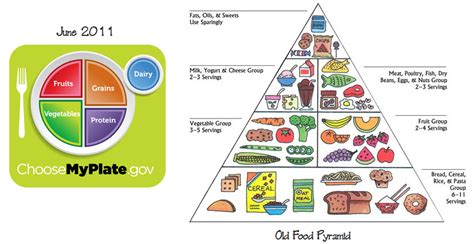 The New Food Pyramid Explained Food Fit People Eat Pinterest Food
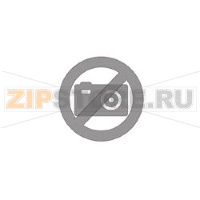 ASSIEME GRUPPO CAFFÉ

--

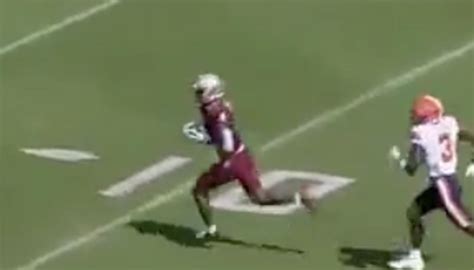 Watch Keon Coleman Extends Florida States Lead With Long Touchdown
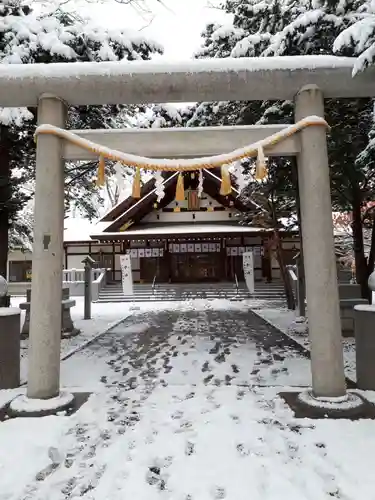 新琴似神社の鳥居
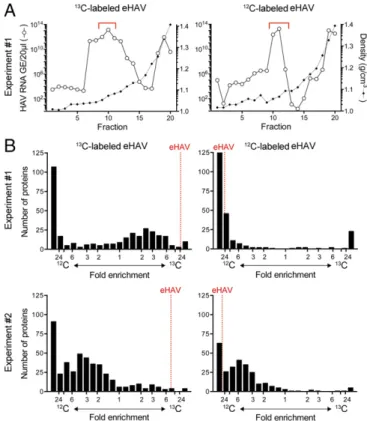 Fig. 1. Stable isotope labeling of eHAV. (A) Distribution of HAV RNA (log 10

==

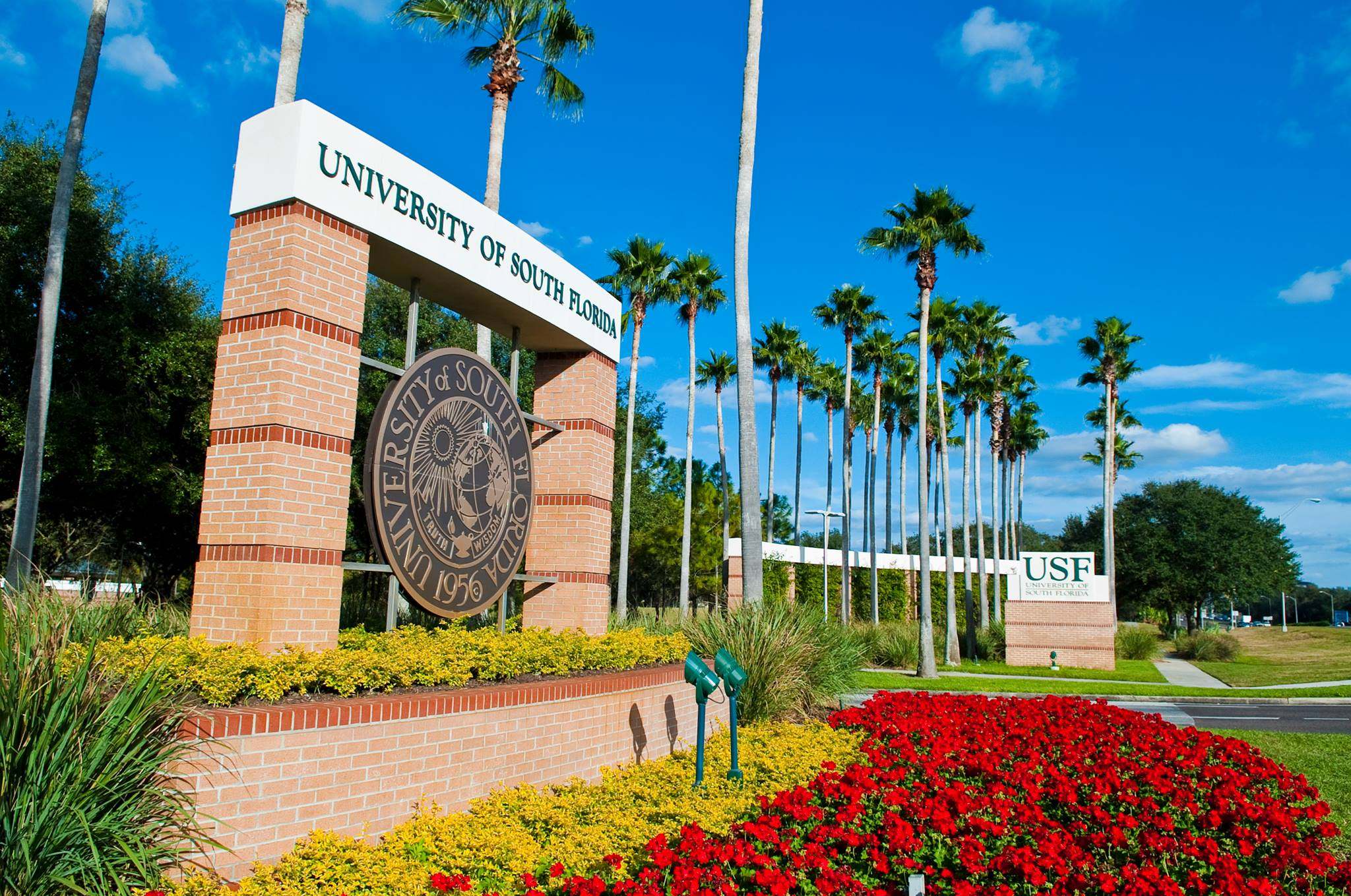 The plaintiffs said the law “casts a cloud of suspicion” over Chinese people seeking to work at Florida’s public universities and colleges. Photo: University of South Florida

YOUR TASK: In the listing above, find the line with "Watch Keon Coleman" and the line with "Fig. 1. Stable". Copy exactly those lines and all between them, minus the images.

SOLUTION TO THIS EXERCISE:
 Watch Keon Coleman Extends Florida States Lead With Long Touchdown
 新琴似神社の鳥居
 Fig. 1. Stable isotope labeling of eHAV. (A) Distribution of HAV RNA (log 10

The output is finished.